For the listing below, the answer is an exact retyping of the lines from the one with "After that, the" through the one with "Once you've narrowed", both included, without pictures.
━━━━━━━━
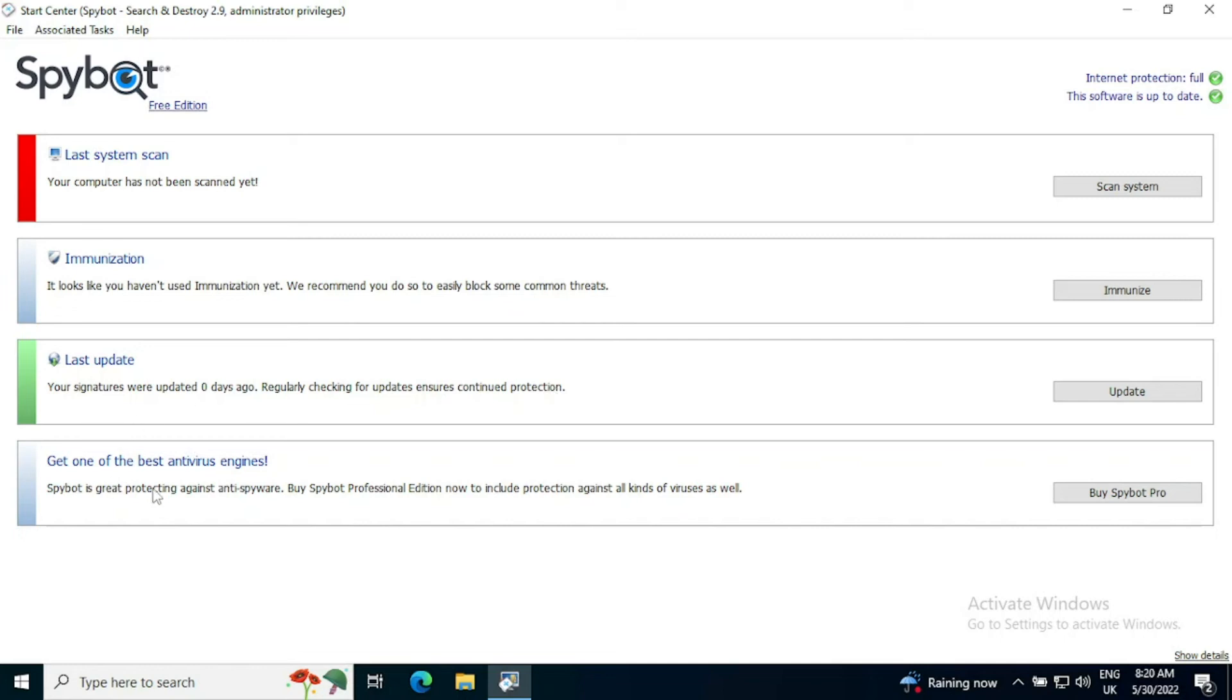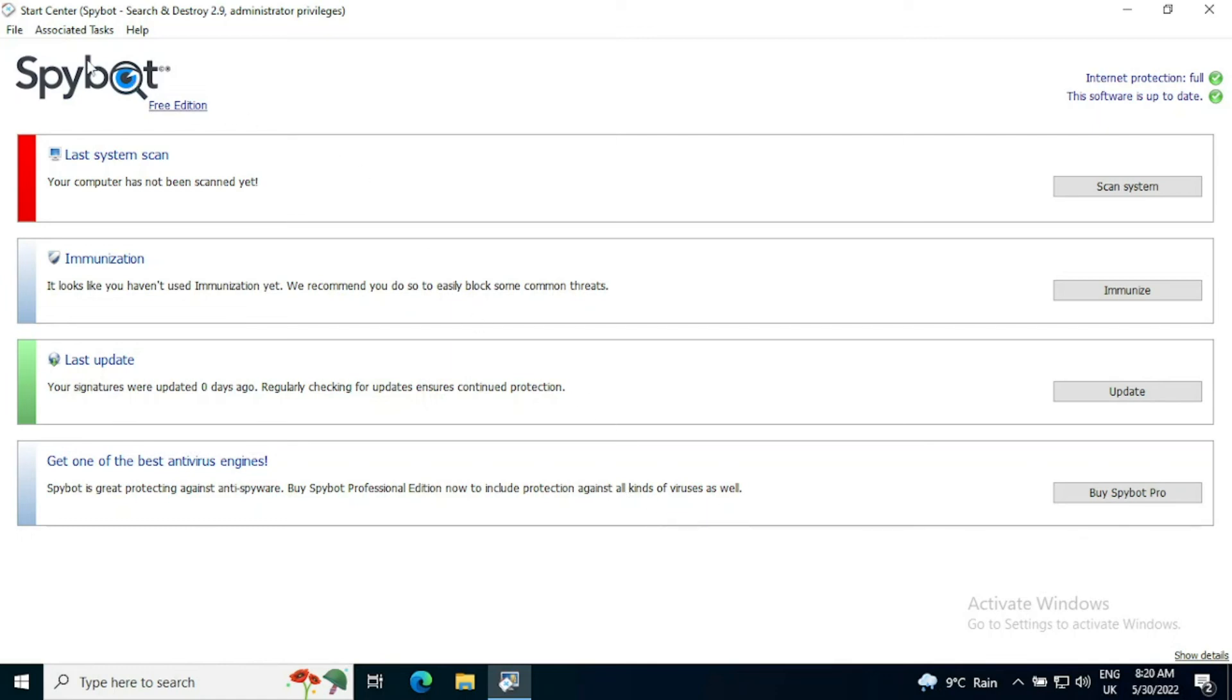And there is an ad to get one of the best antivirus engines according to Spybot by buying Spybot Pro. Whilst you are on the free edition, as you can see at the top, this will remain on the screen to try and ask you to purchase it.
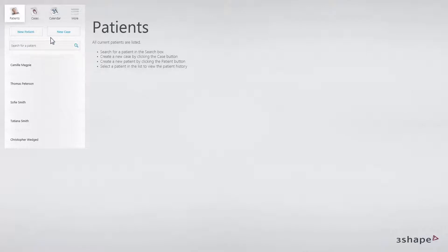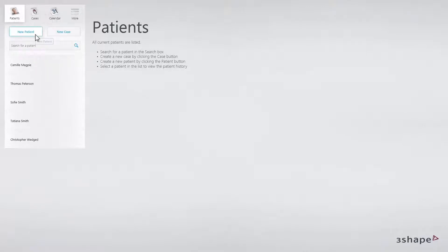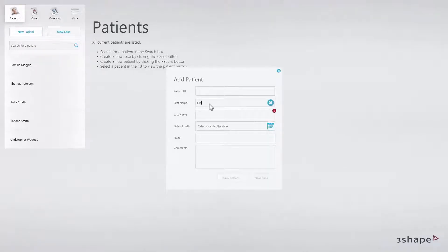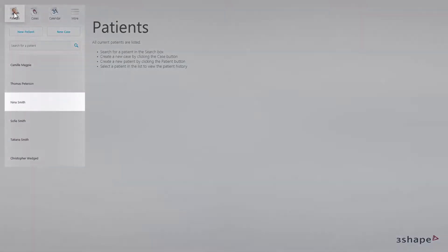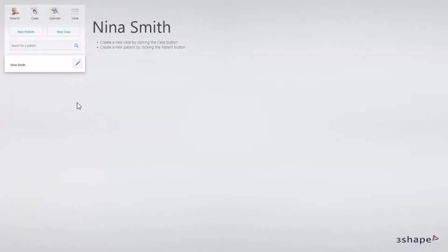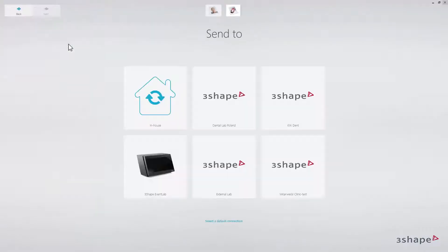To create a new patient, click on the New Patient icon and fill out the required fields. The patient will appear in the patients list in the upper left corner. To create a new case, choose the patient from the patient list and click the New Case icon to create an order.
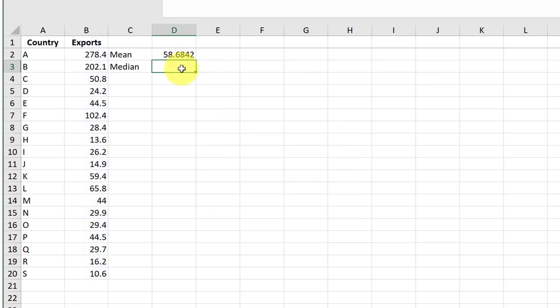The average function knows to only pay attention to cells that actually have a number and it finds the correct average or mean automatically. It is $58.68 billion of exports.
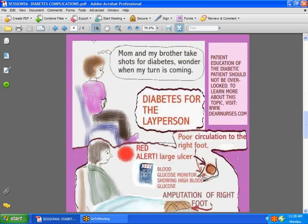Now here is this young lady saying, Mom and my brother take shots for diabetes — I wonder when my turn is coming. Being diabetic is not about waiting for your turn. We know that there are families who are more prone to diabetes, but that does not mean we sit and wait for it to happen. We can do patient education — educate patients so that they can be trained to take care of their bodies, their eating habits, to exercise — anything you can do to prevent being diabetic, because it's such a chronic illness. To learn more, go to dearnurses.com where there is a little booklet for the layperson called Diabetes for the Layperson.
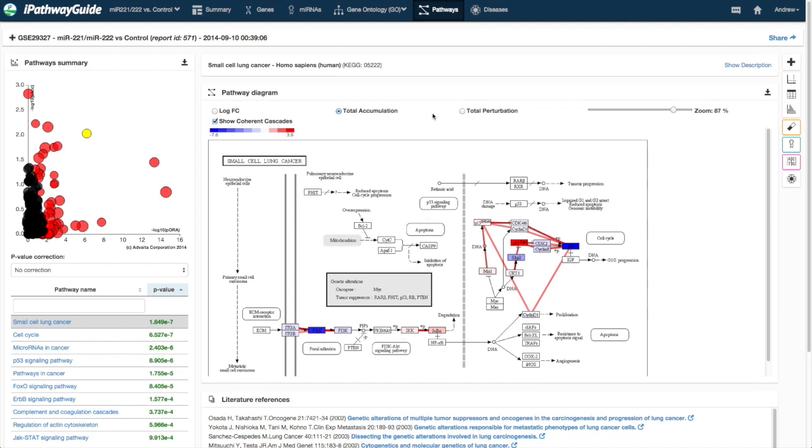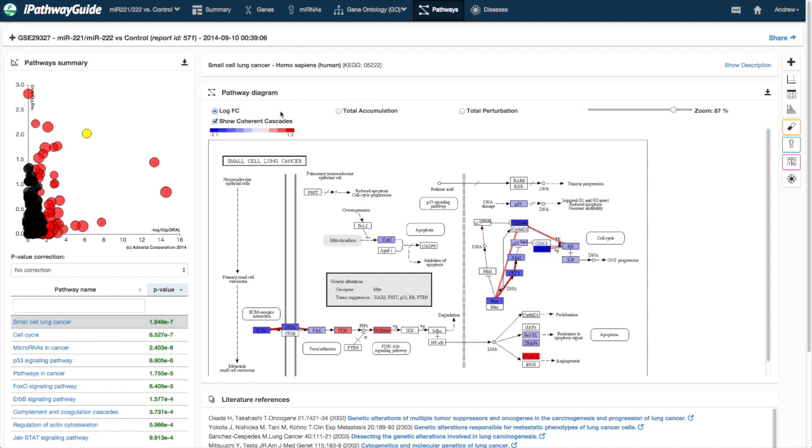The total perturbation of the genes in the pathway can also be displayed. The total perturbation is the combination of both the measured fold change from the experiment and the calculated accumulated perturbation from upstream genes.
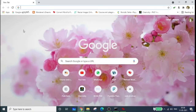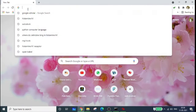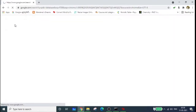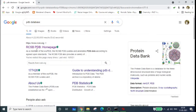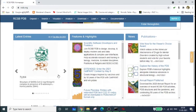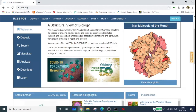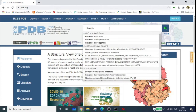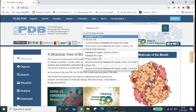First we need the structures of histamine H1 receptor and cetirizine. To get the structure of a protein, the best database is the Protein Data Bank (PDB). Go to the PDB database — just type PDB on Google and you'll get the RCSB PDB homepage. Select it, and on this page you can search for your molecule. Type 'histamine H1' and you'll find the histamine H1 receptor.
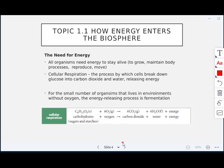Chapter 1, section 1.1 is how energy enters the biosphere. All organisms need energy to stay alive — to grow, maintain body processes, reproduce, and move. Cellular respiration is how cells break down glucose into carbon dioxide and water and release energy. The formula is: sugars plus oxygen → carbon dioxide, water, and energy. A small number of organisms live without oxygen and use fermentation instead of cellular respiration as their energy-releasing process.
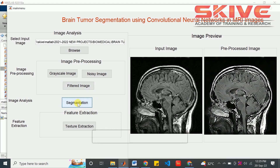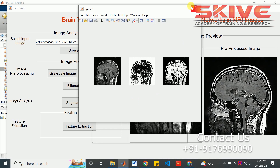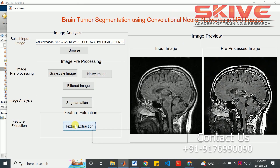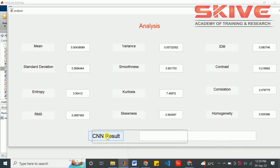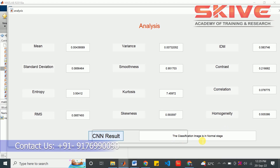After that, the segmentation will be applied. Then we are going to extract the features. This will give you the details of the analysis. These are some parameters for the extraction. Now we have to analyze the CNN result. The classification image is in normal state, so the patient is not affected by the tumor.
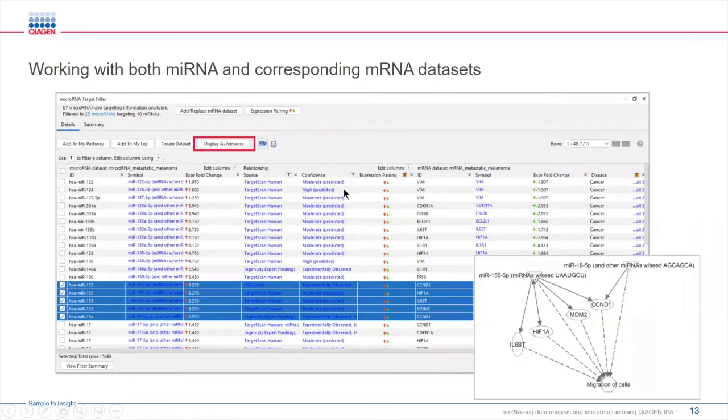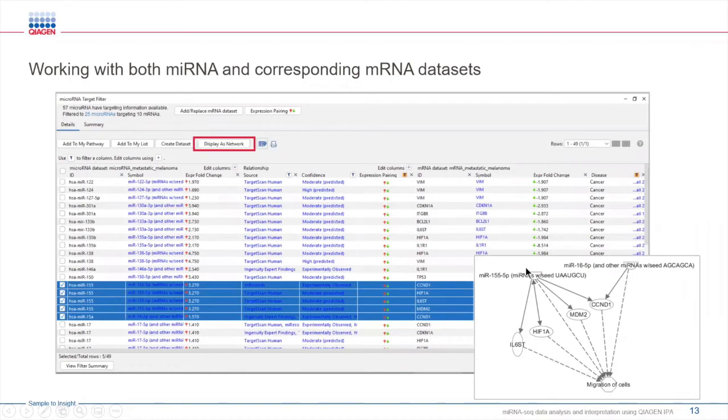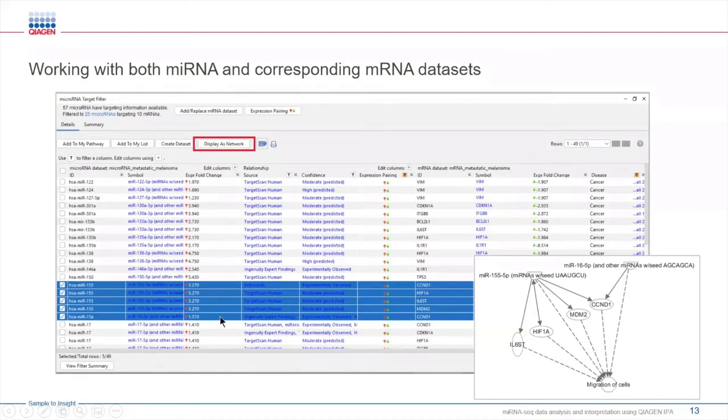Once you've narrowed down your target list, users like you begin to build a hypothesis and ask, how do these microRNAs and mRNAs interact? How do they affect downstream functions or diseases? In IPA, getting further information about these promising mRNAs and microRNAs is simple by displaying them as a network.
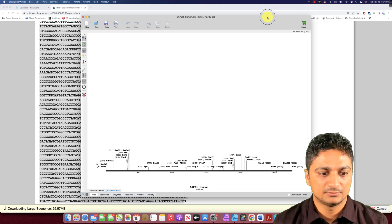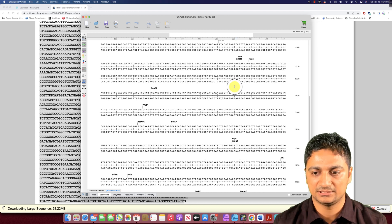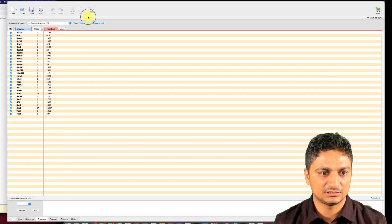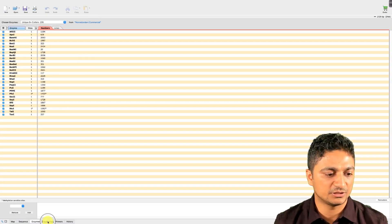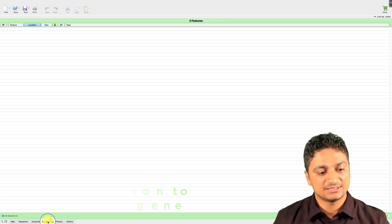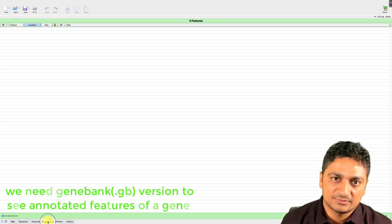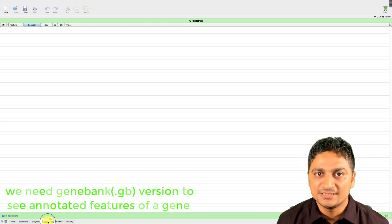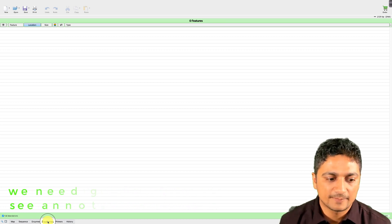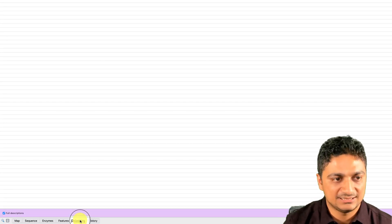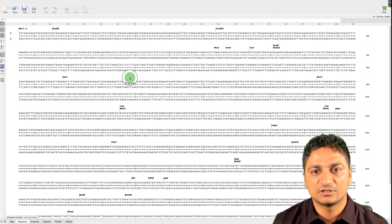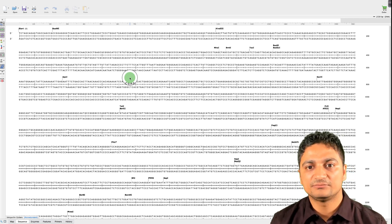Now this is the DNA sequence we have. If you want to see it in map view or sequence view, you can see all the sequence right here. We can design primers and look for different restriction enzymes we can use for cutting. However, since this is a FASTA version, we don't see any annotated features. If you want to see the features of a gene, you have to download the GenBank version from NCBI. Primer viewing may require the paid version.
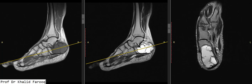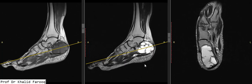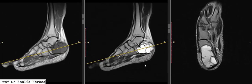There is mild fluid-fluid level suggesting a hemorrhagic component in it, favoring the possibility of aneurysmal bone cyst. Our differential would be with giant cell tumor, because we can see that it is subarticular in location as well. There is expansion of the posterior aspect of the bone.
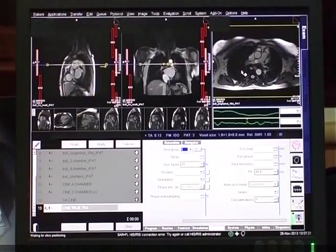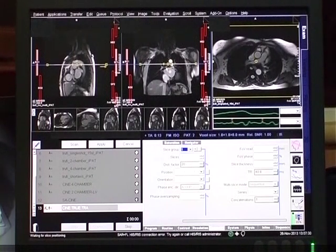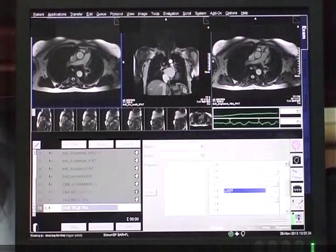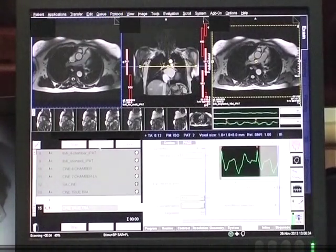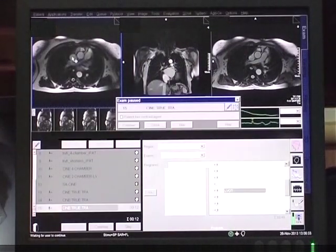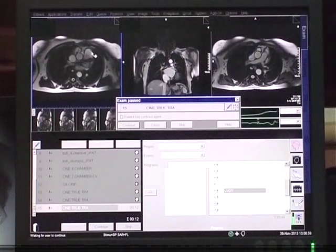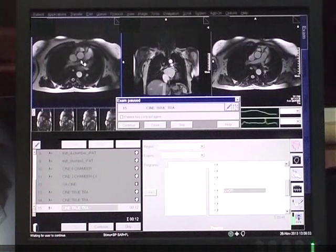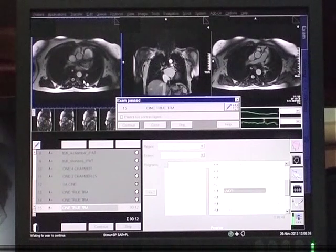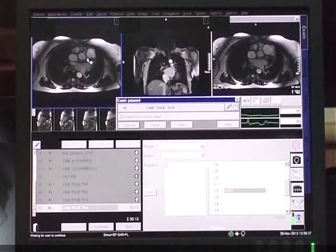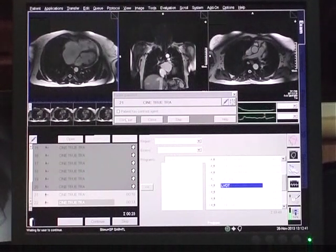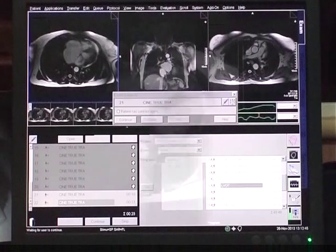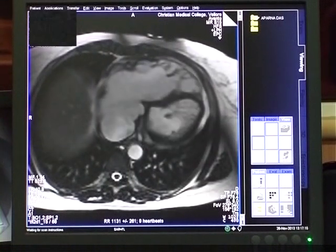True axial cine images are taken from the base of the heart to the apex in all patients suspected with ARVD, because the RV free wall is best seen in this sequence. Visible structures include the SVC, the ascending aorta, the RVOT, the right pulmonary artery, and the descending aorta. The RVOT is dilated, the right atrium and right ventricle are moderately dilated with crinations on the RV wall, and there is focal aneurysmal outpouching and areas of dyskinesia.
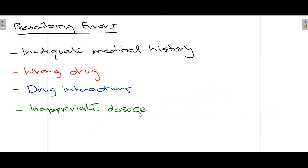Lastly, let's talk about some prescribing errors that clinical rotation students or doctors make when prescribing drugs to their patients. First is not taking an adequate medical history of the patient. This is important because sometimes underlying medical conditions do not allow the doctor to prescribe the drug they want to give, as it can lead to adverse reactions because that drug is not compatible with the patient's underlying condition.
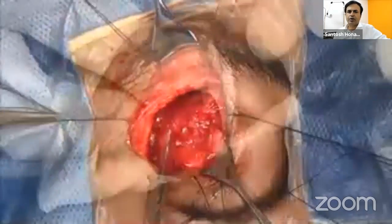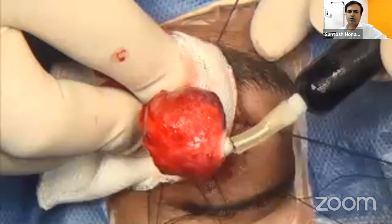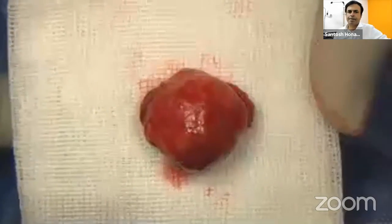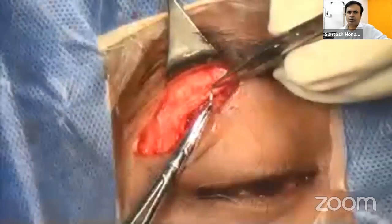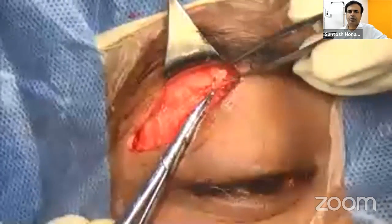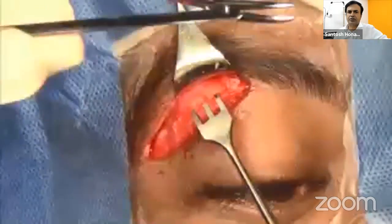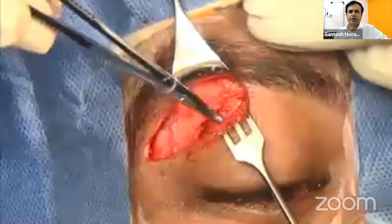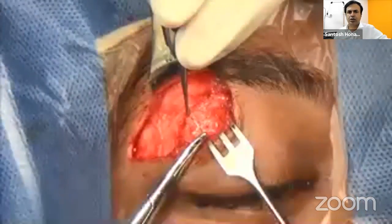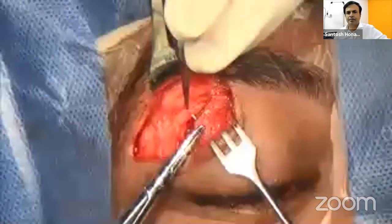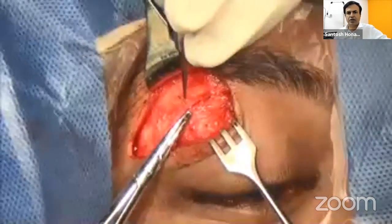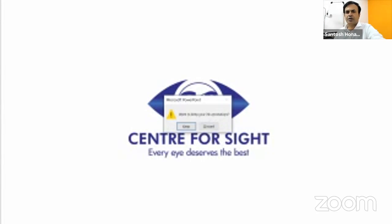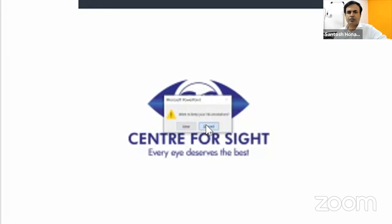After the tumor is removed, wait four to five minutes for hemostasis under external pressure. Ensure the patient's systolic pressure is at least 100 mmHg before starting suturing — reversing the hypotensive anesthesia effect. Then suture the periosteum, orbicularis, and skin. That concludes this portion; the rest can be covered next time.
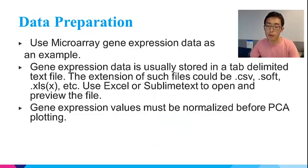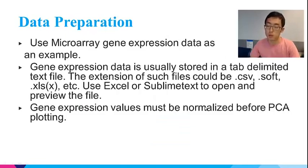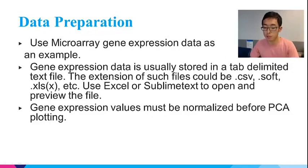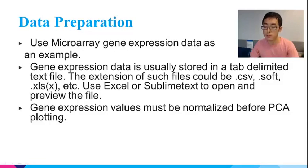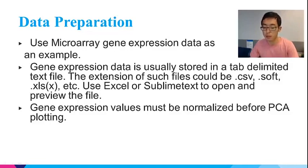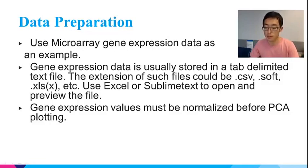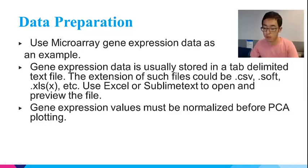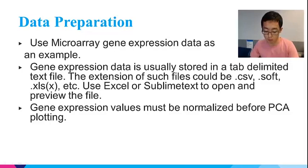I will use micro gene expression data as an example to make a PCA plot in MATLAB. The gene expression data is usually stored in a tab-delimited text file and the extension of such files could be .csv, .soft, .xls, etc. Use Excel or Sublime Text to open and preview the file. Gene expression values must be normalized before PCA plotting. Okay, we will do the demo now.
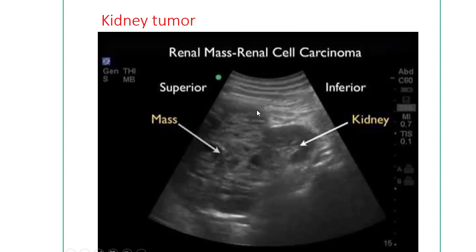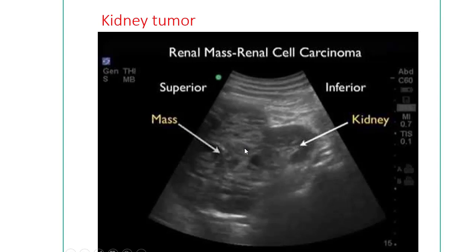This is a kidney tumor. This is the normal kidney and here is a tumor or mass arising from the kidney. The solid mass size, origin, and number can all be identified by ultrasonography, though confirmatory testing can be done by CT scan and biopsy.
━━━━━━━━
» Answer to this problem
After that, the segmentation will be applied. Then we are going to extract the features. This will give you the details of the analysis. These are some parameters for the extraction. Now we have to analyze the CNN result. The classification image is in normal state, so the patient is not affected by the tumor.
Once you've narrowed down your target list, users like you begin to build a hypothesis and ask, how do these microRNAs and mRNAs interact? How do they affect downstream functions or diseases? In IPA, getting further information about these promising mRNAs and microRNAs is simple by displaying them as a network.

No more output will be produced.